Short descriptive text snippets:
####################

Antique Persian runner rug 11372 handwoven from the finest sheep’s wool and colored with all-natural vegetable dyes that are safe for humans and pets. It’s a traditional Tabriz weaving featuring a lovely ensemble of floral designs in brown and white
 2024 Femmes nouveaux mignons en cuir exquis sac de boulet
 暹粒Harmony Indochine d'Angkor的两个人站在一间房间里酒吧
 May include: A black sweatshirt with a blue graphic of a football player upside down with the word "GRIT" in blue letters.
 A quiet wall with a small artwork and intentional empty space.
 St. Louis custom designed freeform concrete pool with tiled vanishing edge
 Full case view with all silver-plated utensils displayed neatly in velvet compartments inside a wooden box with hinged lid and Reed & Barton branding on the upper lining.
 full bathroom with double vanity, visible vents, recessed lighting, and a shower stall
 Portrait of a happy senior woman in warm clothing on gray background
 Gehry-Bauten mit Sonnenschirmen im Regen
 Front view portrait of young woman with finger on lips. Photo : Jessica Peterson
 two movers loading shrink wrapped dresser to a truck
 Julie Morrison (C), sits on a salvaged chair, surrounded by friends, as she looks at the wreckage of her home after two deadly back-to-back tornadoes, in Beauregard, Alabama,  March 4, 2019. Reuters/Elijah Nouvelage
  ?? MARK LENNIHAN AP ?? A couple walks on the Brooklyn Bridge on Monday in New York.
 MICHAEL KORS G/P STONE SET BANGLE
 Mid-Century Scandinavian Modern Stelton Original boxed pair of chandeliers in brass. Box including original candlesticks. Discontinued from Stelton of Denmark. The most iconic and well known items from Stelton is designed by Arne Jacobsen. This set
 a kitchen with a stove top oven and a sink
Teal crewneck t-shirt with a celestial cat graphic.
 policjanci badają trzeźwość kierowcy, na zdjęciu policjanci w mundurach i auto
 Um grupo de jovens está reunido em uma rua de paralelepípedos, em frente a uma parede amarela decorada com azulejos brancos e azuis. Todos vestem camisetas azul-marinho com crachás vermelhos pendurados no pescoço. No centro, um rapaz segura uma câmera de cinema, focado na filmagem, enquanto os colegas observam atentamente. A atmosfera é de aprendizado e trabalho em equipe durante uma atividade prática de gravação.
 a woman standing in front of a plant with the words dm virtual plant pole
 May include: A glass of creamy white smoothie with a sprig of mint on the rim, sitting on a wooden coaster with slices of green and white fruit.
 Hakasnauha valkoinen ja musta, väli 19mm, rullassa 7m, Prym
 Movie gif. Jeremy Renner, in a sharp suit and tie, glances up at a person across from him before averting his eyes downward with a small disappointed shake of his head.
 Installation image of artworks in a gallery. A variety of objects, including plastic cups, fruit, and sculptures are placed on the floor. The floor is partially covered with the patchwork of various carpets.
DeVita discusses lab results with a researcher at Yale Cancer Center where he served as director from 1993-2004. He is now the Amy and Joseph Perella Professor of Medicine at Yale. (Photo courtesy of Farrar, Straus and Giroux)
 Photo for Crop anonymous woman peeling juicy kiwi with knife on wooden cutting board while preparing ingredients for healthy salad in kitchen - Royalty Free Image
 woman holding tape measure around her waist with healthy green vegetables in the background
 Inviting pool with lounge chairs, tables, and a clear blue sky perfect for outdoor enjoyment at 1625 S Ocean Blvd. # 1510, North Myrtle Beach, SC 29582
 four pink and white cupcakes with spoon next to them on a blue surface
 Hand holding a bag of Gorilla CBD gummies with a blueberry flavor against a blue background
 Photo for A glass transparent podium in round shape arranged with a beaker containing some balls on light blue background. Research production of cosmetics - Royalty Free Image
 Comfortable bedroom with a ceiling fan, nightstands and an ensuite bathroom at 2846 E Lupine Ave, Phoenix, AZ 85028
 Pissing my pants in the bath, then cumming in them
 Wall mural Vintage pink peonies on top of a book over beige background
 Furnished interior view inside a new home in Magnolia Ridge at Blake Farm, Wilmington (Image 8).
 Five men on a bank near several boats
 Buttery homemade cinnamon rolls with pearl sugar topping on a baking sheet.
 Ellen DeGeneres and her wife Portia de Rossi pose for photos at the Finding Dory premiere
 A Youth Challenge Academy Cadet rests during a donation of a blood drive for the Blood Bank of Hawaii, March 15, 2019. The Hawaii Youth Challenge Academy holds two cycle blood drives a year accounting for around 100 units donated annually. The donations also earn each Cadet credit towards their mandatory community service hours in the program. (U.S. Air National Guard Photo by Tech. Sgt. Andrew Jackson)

####################

From the data above, state how many lines contain the string "around", offering no other words.

_Written solution_
2